(2) It must be signed by the testator.
(3) The testator's signature must be made by the testator or the marking acknowledged by him in the presence of the necessary number of witnesses.
(4) It must be declared by the testator to be his last will in the presence of the necessary number of witnesses, who are present at the same time and who subscribe their names as witnesses in the presence of the testator.
OTHER FORMALITIES.—No particular form of writing is necessary. Probably typing is the most common form in use to-day. As a precaution, lawyers sometimes have the testator sign at the bottom of each typewritten page, where the will is of several pages, or the document is fastened together with silk, the two ends of which are carried to the last page and imbedded in a wax seal. The testator should sign the will himself unless he is unable to, from lack of education or feebleness, in which case, the statute generally makes provision for another form of signing. It is better practice for the testator to sign the will in the presence of his witnesses, acknowledge the signature, and then the testator should declare, in the presence of his witnesses, that this is his last will and testament. In many States, two witnesses are all that are necessary; a few States require three. Careful practice generally calls for three.

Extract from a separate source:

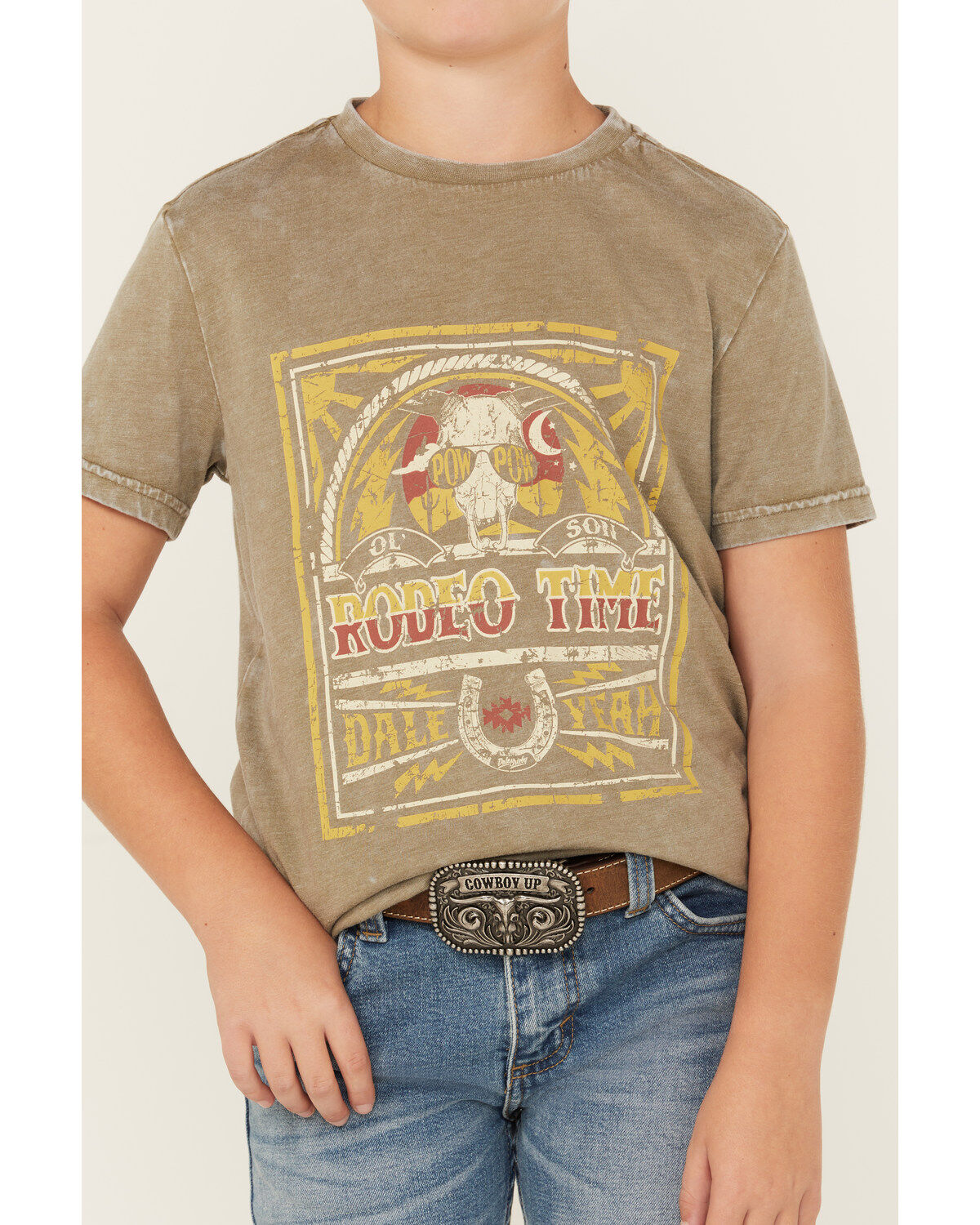 Rock & Roll Denim Boys' Rodeo Time Dale Brisby Short Sleeve Graphic T-Shirt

ILLUSTRATION.—A testator lives in New York. He has two witnesses to his will. His will is valid as far as his real property in that State is concerned, but should it happen that he also owns real property in a State where three witnesses are required, his will would not pass title to the real property in that State and, as far as that State is concerned, he would die intestate, and that real property would descend to his heirs in accordance with the laws of that State, which would quite likely not be what the testator intended to happen. By having three witnesses, his will is just as good in New York, where only two are necessary and the presence of the third witness makes the will good, and passes the real property situated in the State where three are required. It is always best to have the witnesses add their addresses to their signatures. This is not required by statute in many States, but after a person's decease, it may help in locating the witnesses by having addresses to which to refer. It is, of course, wise to use some care in the selection of witnesses, although almost any person is competent. Adults, of course, are preferable as witnesses, but an infant is a perfectly good witness, but he should possess sufficient intelligence to be able to appreciate the importance of the act he is witnessing. In view of the formalities to be observed in the execution of a will, and the technical niceties in the use of the proper word or phrase, often required to insure the expression of the testator's exact intention, the drafting of a will should never be left to a layman, but should always be entrusted to a lawyer.
THE FORM OF A WILL.—In our discussion it is well to keep in mind the form of a will. A simple will reads as follows:
IN THE NAME OF GOD, AMEN:
I, John Jones, of the Borough of Manhattan, City and State of New York, being of sound and disposing mind and understanding, do make, publish, and declare this my last will and testament, as follows:
First. I direct that all of my just debts and my funeral expenses be paid as soon after my death as conveniently may be.
Second. I give, devise and bequeath all the rest, residue and remainder of my estate, whether real, personal, or mixed, of whatsoever kind, character or description, and wheresoever situated, unto my wife, Emma Jones, for and during the period of her natural life.